Le narrateur, dont on apprendra tardivement dans le livre l'identité, Abderrahmane Eljarib, et l'année de naissance, 1929, est issu d'une famille marocaine modeste. Brillant élève, il a eu la chance, à 15 ans, d'être sélectionné pour le Collège royal de Rabat, admis parmi les condisciples de l'aîné des princes héritiers, Moulay Hassan. Un privilège et une chance, certes, mais aussi un risque : il ne faut pas déplaire au futur souverain du pays, si l'on veut, une fois qu'il aura accédé au trône, demeurer, parmi ses familiers, un homme de confiance à qui il pourrait attribuer missions, fonctions, prébendes plus ou moins prestigieuses et lucratives. Toute sa vie, Eljarib va ainsi naviguer entre la grâce et la disgrâce, avec la peur de déplaire à son maître, tout-puissant et autoritaire, devenu roi sous le nom de Hassan II en 1961, après la mort de son père, Mohammed V, ancien sultan sous le protectorat français et premier roi après l'indépendance du Maroc.
Tandis que Moulay Hassan fait son droit à Bordeaux, Eljarib étudie l'histoire à la Sorbonne, puis écrit un recueil de poèmes culte, Élégies barbaresques, apprécié de Senghor et de quelques autres jeunes intellectuels africains militant pour les indépendances de leurs pays. De retour chez lui, il travaille pour le Makhzen, le très puissant et mystérieux Palais royal, d'abord comme conseiller technique à l'éducation nationale, puis gouverneur académique de Tarfaya, tout au sud du pays, dans le Sahara, bourgade reprise aux Espagnols par le prince en 1958. Il va rester là sept ans, dans l'ancien Cap Juby de Saint-Exupéry et de l'Aéropostale, face aux Canaries, dans un semi-exil et un emploi presque fictif.
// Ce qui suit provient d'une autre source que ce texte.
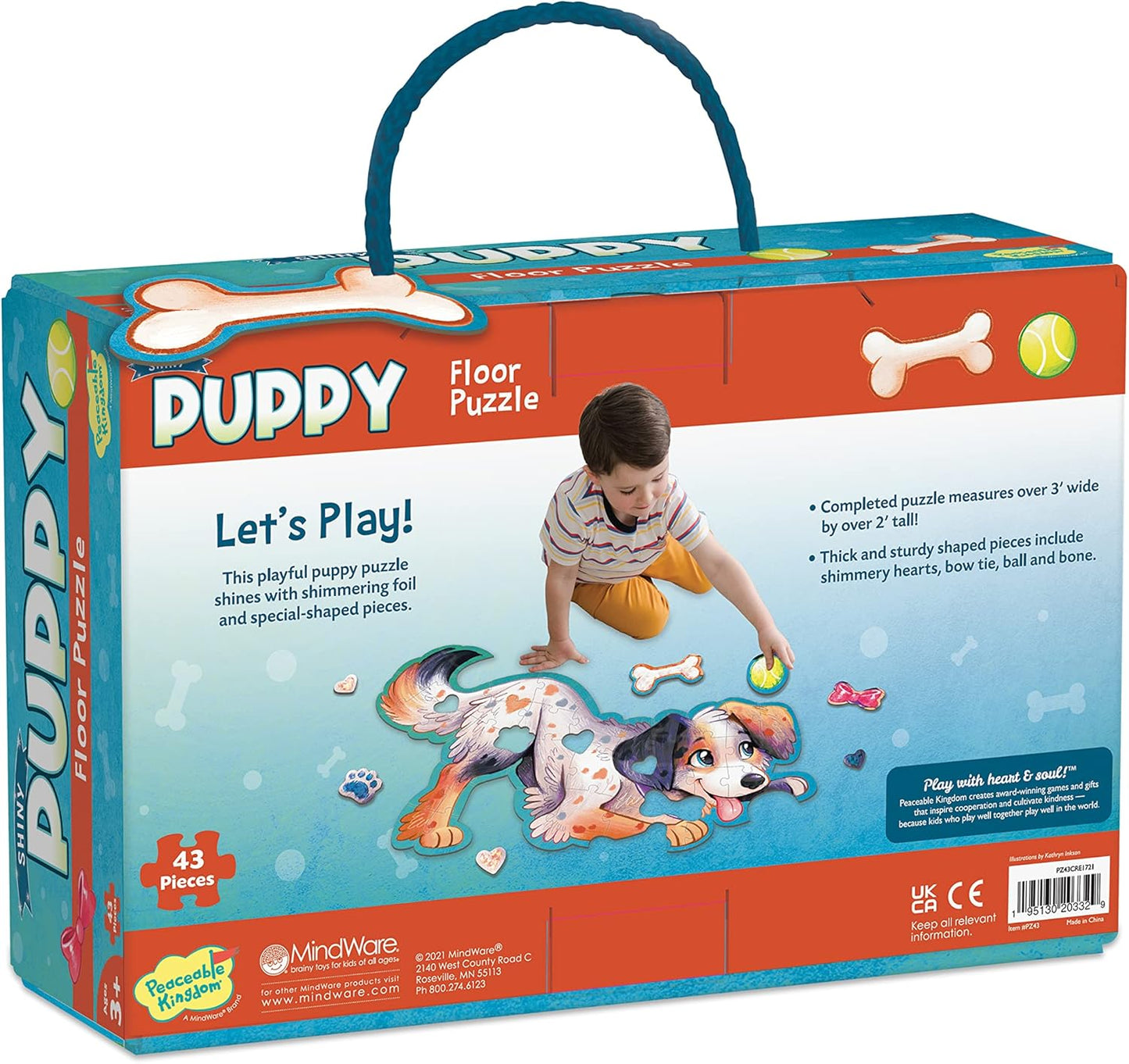 Peaceable Kingdom Giant Floor Puzzles with Uniquely Fun Shaped Pieces for Kids Ages 3+ Gifts for Boys and Girls - Racecar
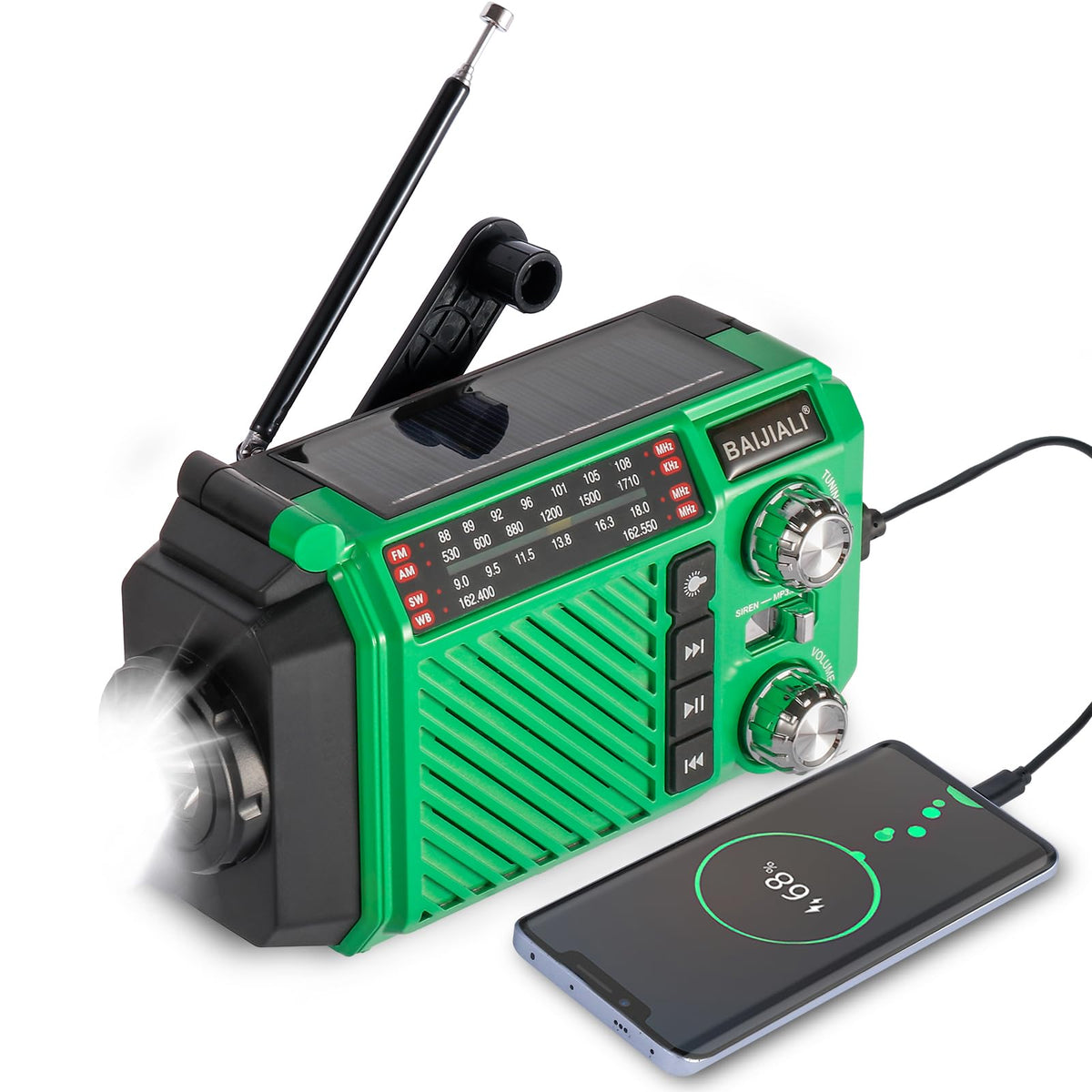 Baijiali hand-crank emergency radio front view showing controls and compact build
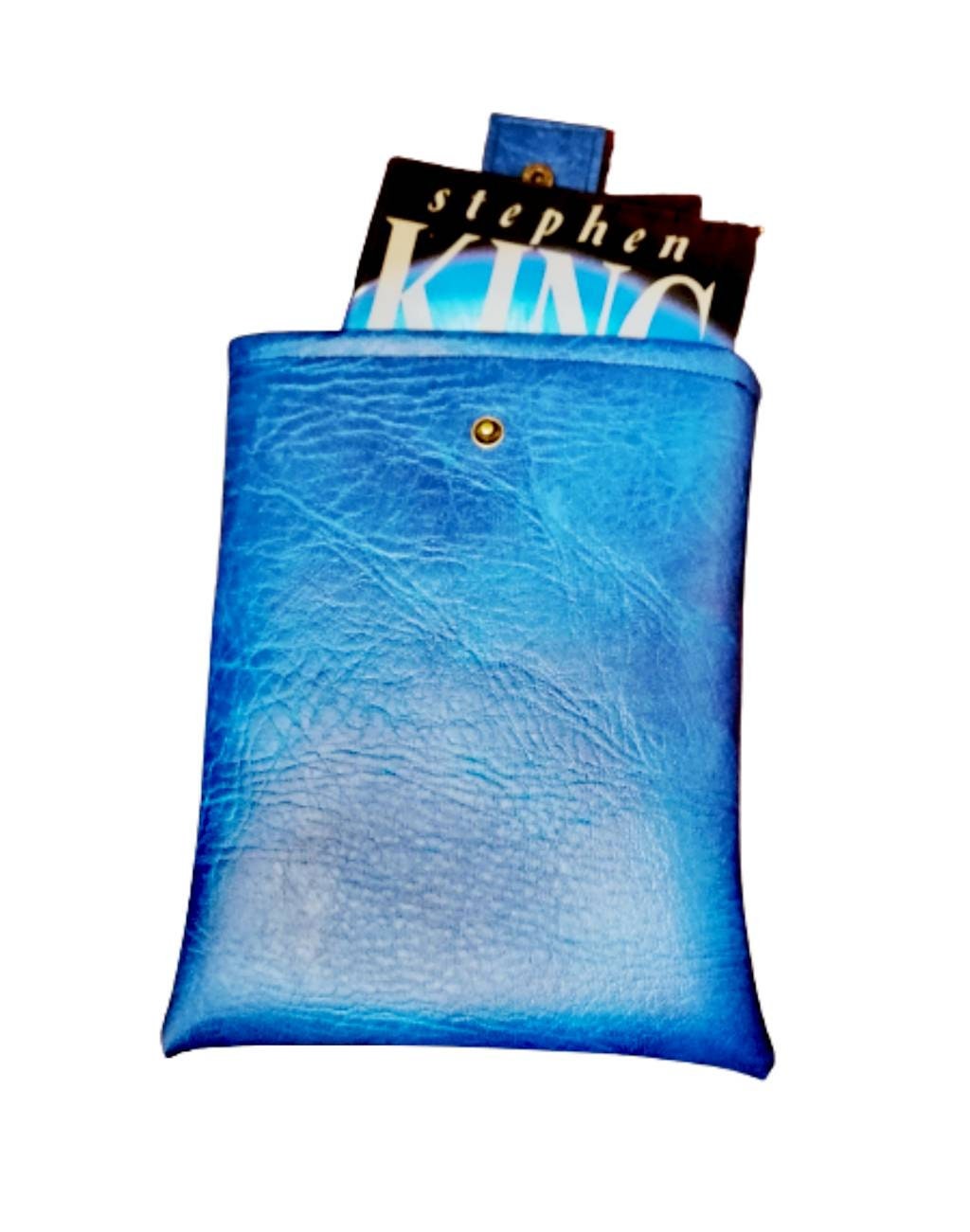 Handmade, Padded Faux Leather Book Sleeve with Cotton inner fabric and snap on strap to the top - Blue.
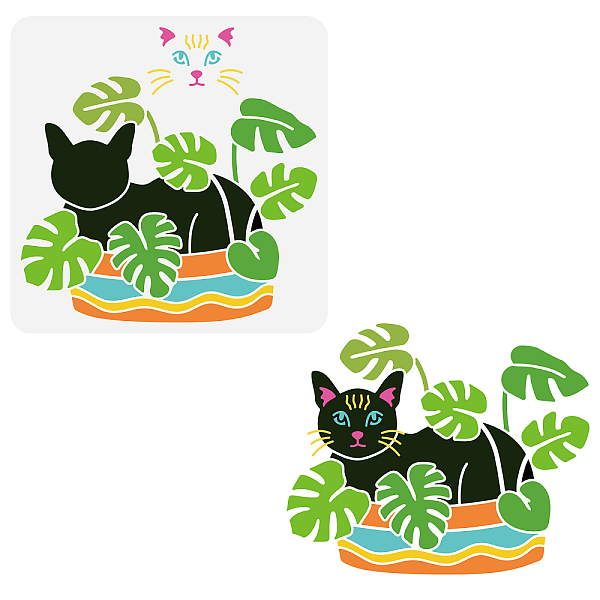 

PandaHall FINGERINSPIRE Potted Plant Cat Painting Stencil 11.8x11.8inch Reusable Cat Face Drawing Template Potted Plant Plastic Stencil...
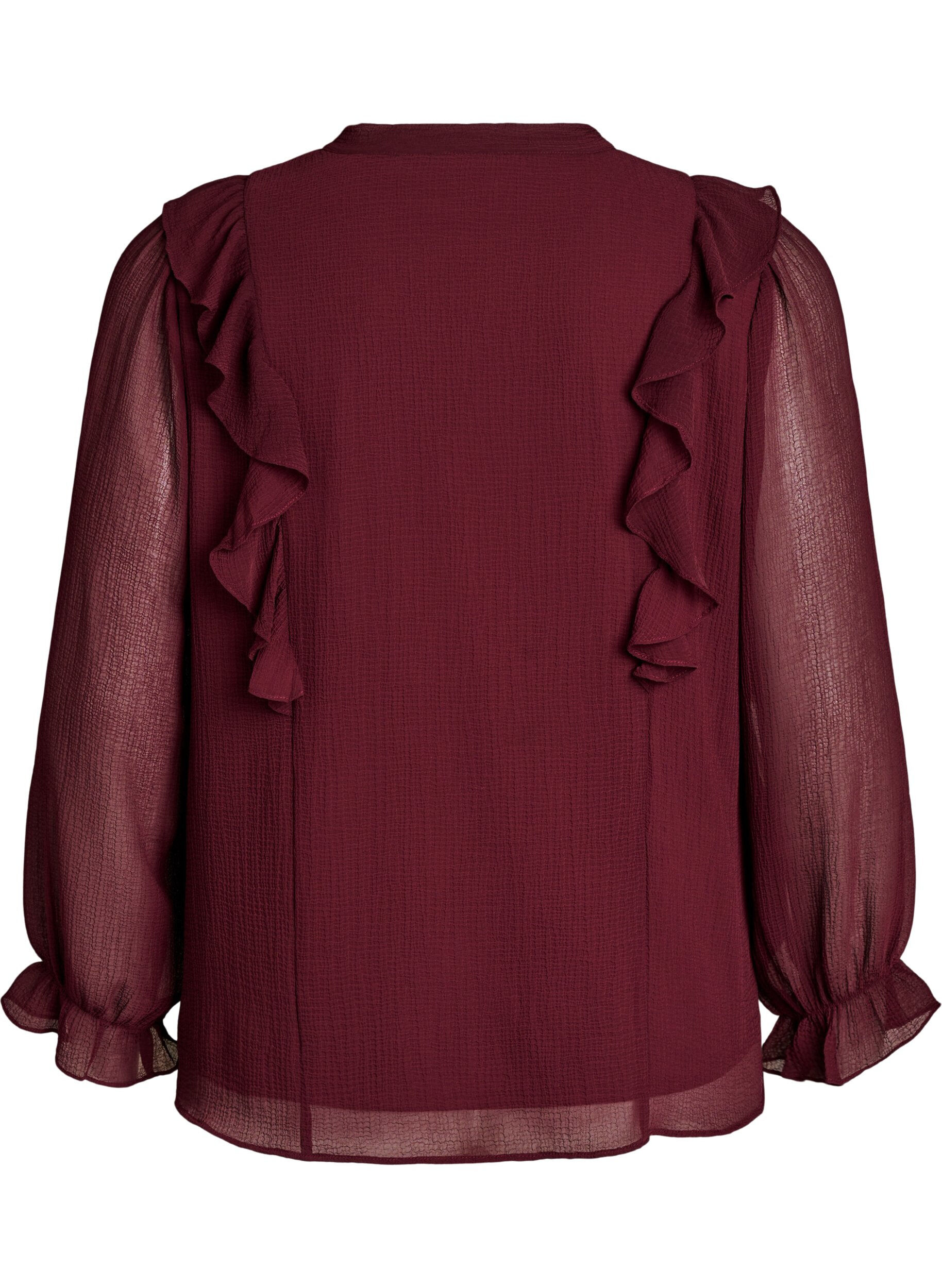 ZizzifashionSheer blouse with ruffles and tie-fastening, Red, Packshot image number 1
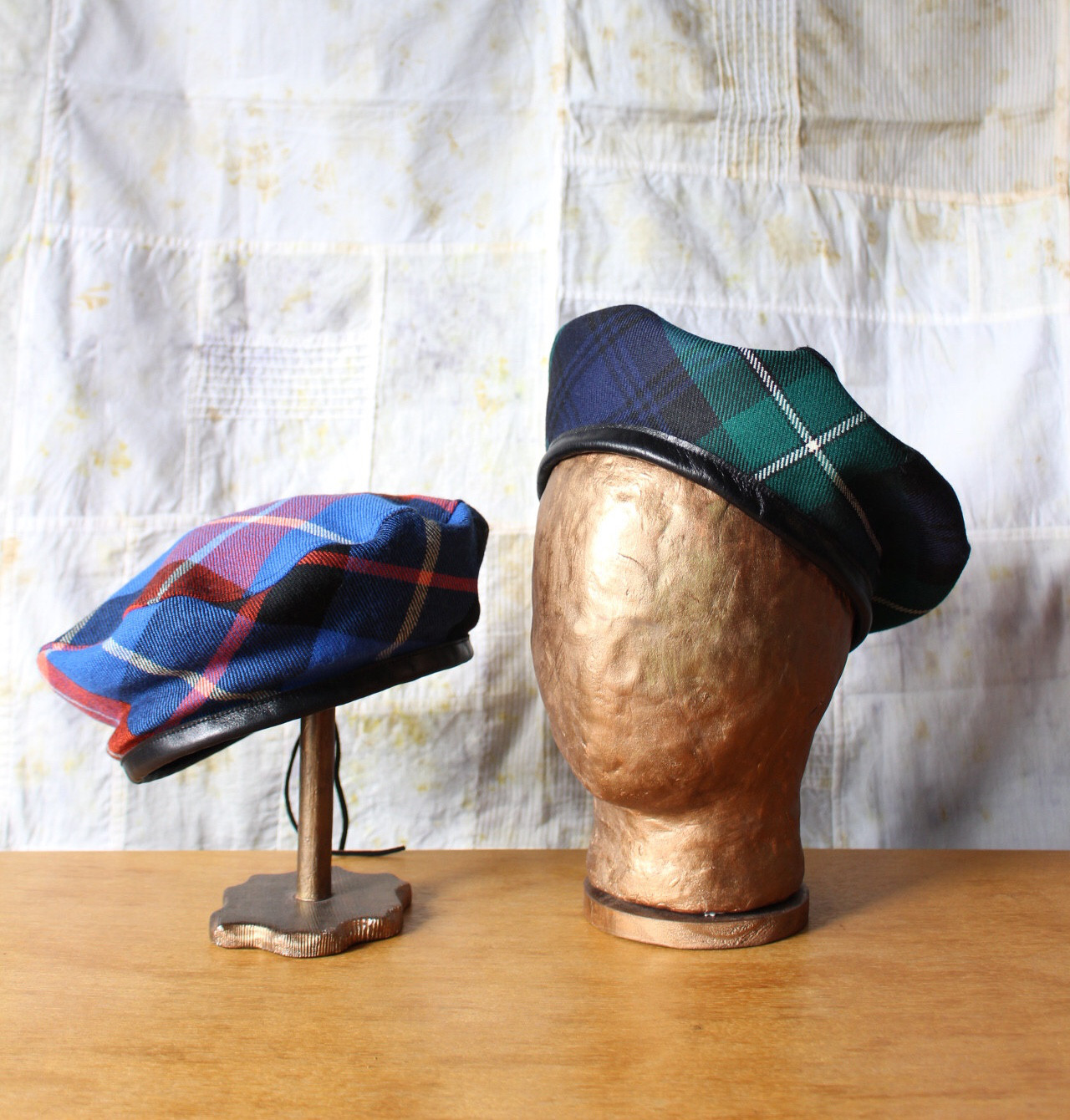 BERET ﾀｰﾀﾝﾁｪｯｸ FREE〜60cm c/#ｸﾞﾘｰﾝ、ﾚｯﾄﾞ、ﾏｽﾀｰﾄﾞ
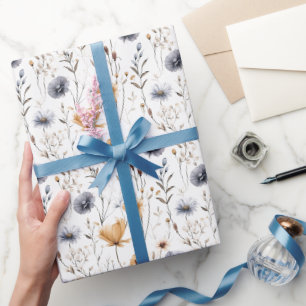Papier Cadeau Bleu Gris Beige Brown Blanc Fleurs Boho Anniversai
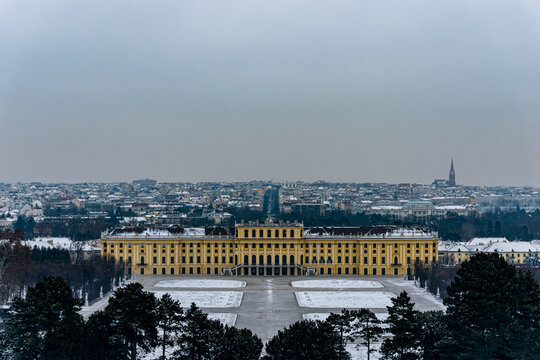 Beautiful view of famous Schonbrunn Palace with Great Parterre garden in Vienna, Austria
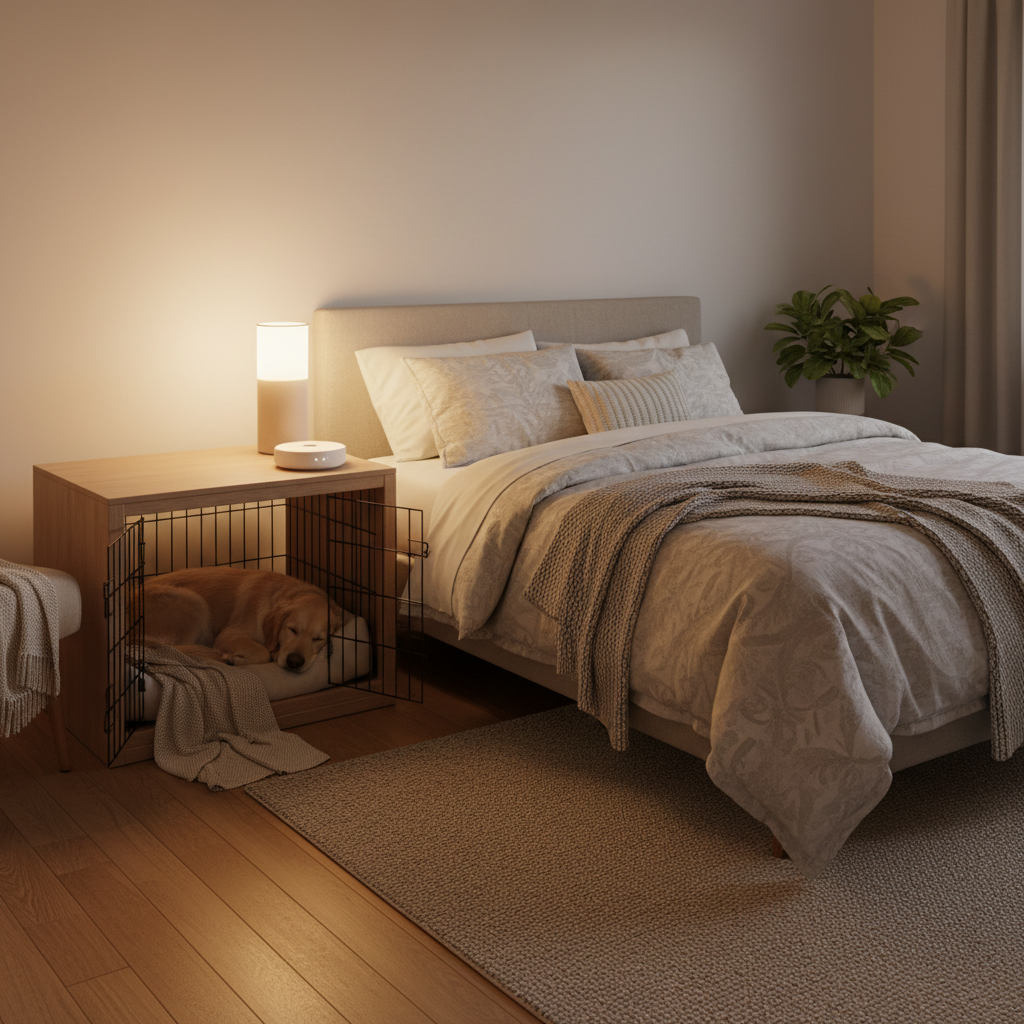 Crate training setup in a bedroom with crate next to bed and white noise machine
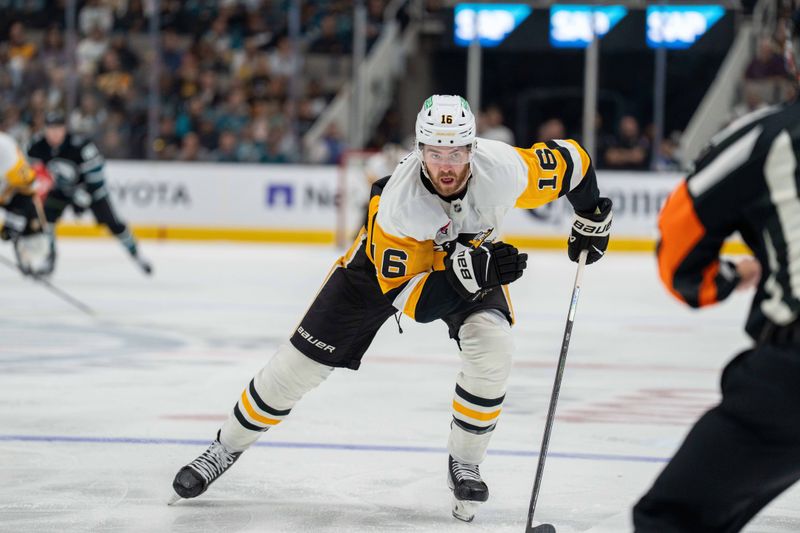 Oct 18, 2025; San Jose, California, USA; Pittsburgh Penguins right wing Justin Brazeau (16) skates after the puck against the San Jose Sharks during the second period at SAP Center at San Jose. Mandatory Credit: Neville E. Guard-Imagn Images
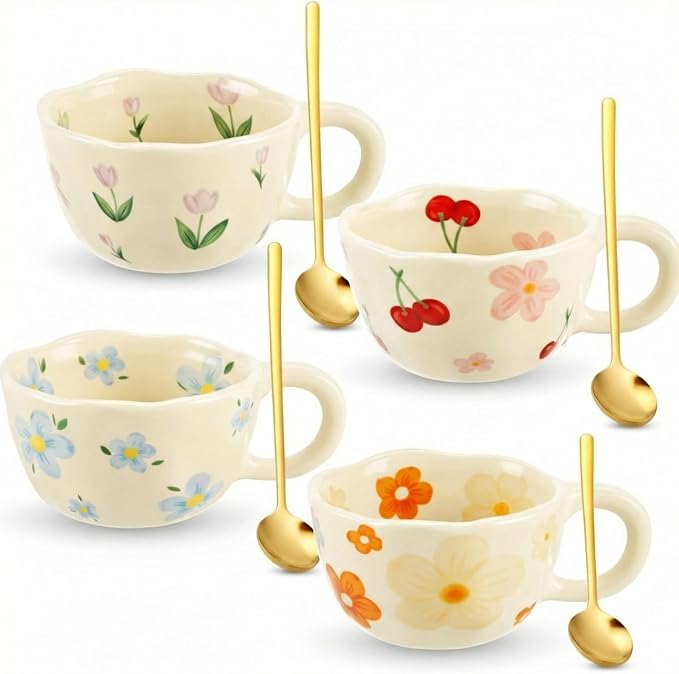 Vesici 4 Pack Ceramic Flower Coffee Mug by Vesici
Enfin, en 1968, il est rappelé à la cour et se voit confier par le roi un poste improbable : historiographe du royaume chérifien, dans la tradition française où se sont illustrés, entre autres, Racine, Boileau ou Voltaire. À ce titre, il va exercer des missions diverses, « plume » du roi ou encore chargé de préfigurer les célébrations du tricentenaire du règne de Moulay Ismaïl, fondateur de la dynastie alaouite, mais aussi tyran sanguinaire. L'idée sera finalement abandonnée, à cause des deux tentatives de putsch et d'assassinat du roi, en 1971 (à Skhirat) et 1972, attribuées au général Oufkir, lequel se suicidera « de trahison ».
Malgré des hauts et des bas, la faveur du monarque ne fera jamais défaut à Eljarib. Il le mariera ainsi à la femme qu'il aime, même si celle-ci lui a menti sur ses origines. L'épisode est assez obscur. Tout comme le demeure la fin de la vie du héros, mort en 1999 (quelques mois après son maître), reconstituée par une universitaire française qui retrouve et publie son manuscrit.
Le procédé romanesque est bien connu. Mais cela nous vaut un livre original, passionnant, sur une histoire récente du Maroc peu connue en France, ou bien oubliée, par un intellectuel fasciné par le politique, Maël Renouard, où l'on peut s'amuser à retrouver quelques traits de son propre parcours, lui qui fut « plume » aussi, et se rêva- qui sait ?- en historiographe d'un candidat déchu à l'Élysée.